> **Problem to work on**
Pictures must be left out. Print the lines from the beginning of the material through the line holding "Kamber Sisters Boy's", exactly and nothing else.

> **Exercise data**
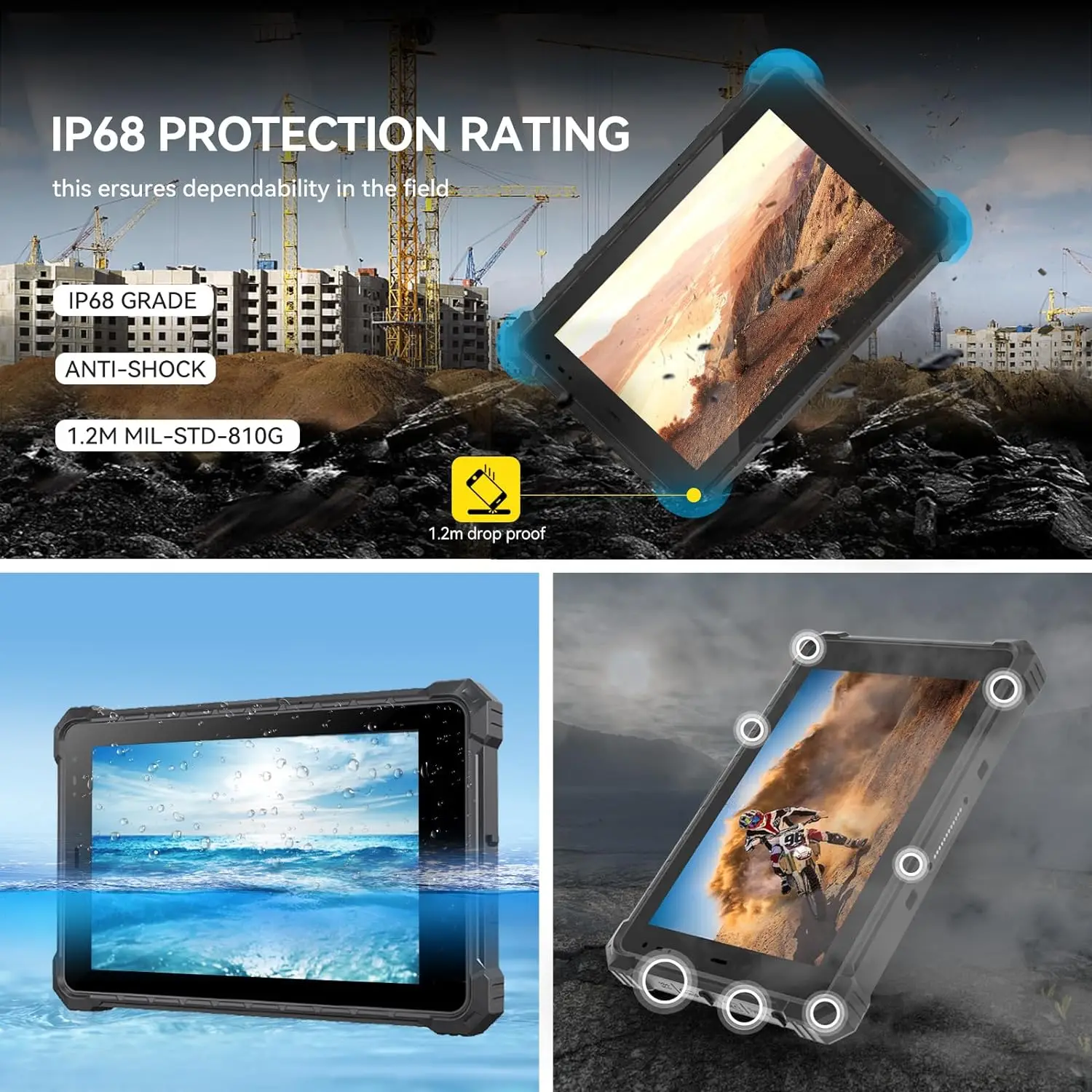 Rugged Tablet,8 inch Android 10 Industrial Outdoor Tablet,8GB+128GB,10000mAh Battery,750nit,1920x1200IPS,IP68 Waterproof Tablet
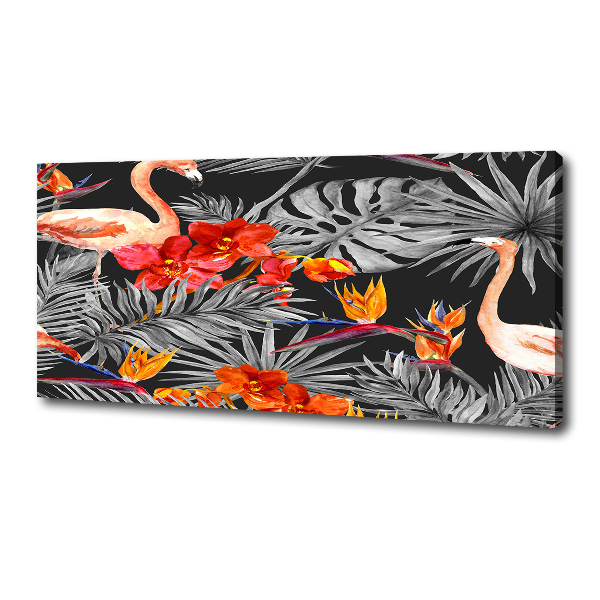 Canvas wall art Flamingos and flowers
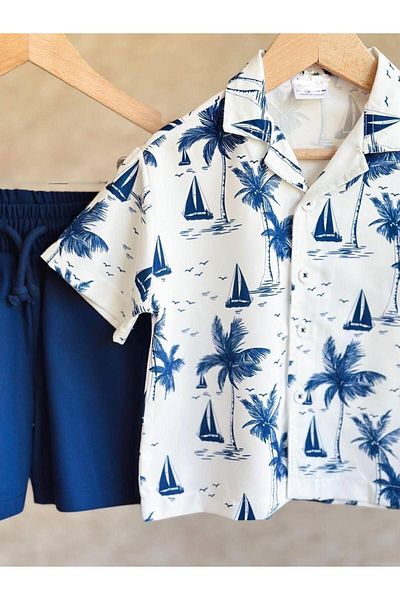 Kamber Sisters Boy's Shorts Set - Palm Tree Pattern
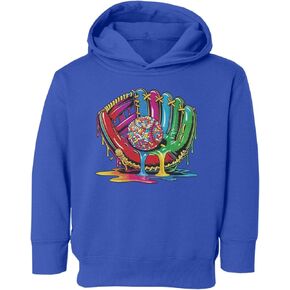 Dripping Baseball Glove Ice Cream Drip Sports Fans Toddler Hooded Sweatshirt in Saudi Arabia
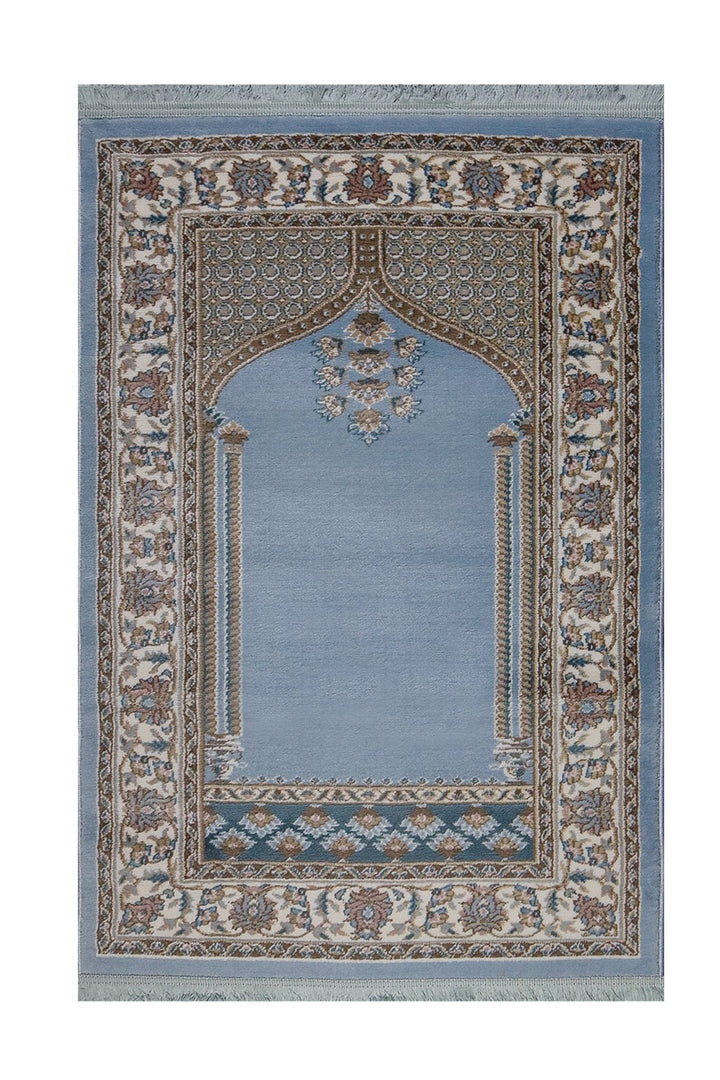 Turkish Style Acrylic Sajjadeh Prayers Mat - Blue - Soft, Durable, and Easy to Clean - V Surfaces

> **Answer space**
 Rugged Tablet,8 inch Android 10 Industrial Outdoor Tablet,8GB+128GB,10000mAh Battery,750nit,1920x1200IPS,IP68 Waterproof Tablet
 Canvas wall art Flamingos and flowers
 Kamber Sisters Boy's Shorts Set - Palm Tree Pattern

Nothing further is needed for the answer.